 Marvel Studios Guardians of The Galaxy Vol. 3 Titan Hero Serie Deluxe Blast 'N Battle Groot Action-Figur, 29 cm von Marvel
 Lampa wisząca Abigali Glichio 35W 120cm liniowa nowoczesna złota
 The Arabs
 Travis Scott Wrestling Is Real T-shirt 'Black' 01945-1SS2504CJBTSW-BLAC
==
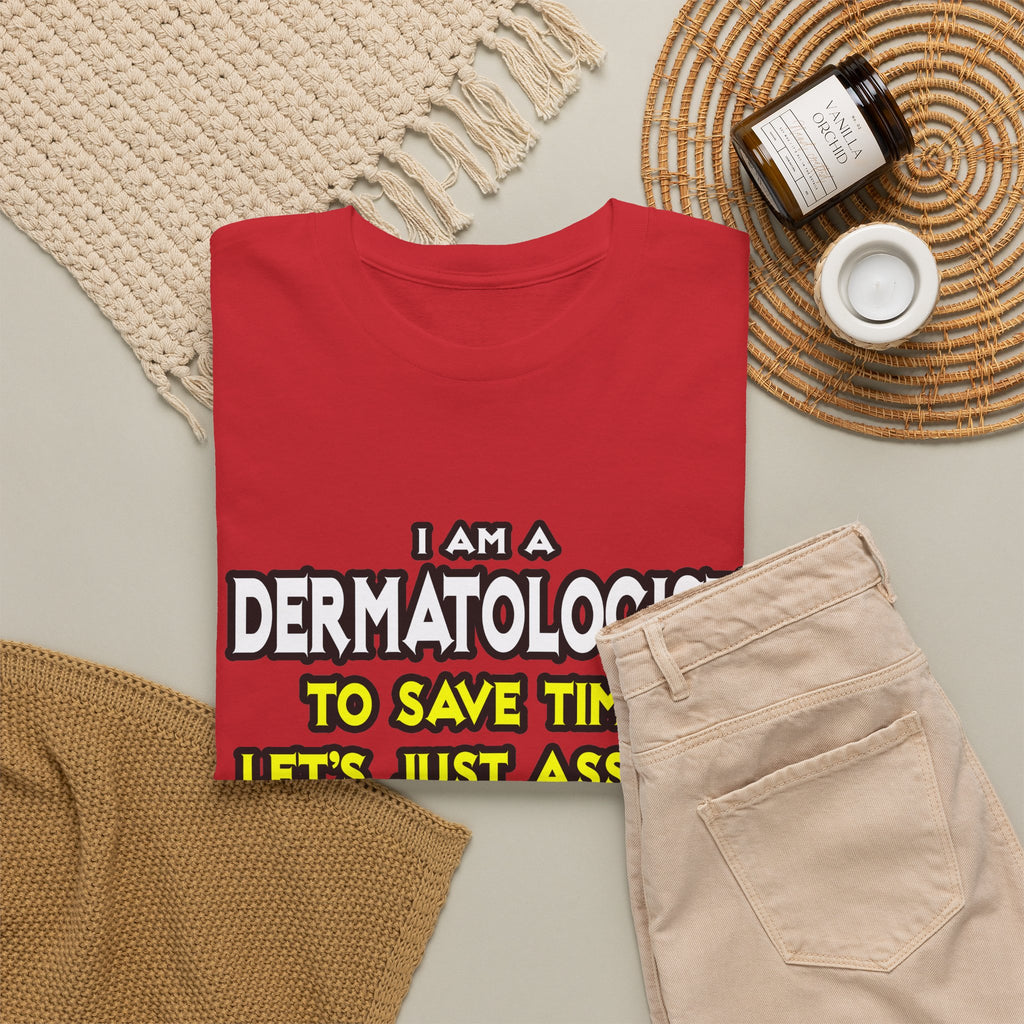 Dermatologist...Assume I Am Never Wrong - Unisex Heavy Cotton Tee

-- WHAT THIS TASK INVOLVES --
Out of the data above, give again only the lines starting at the one holding "Marvel Studios Guardians" and ending at the one holding "Travis Scott Wrestling", unchanged.

-- RESULT OF THE TASK --
 Marvel Studios Guardians of The Galaxy Vol. 3 Titan Hero Serie Deluxe Blast 'N Battle Groot Action-Figur, 29 cm von Marvel
 Lampa wisząca Abigali Glichio 35W 120cm liniowa nowoczesna złota
 The Arabs
 Travis Scott Wrestling Is Real T-shirt 'Black' 01945-1SS2504CJBTSW-BLAC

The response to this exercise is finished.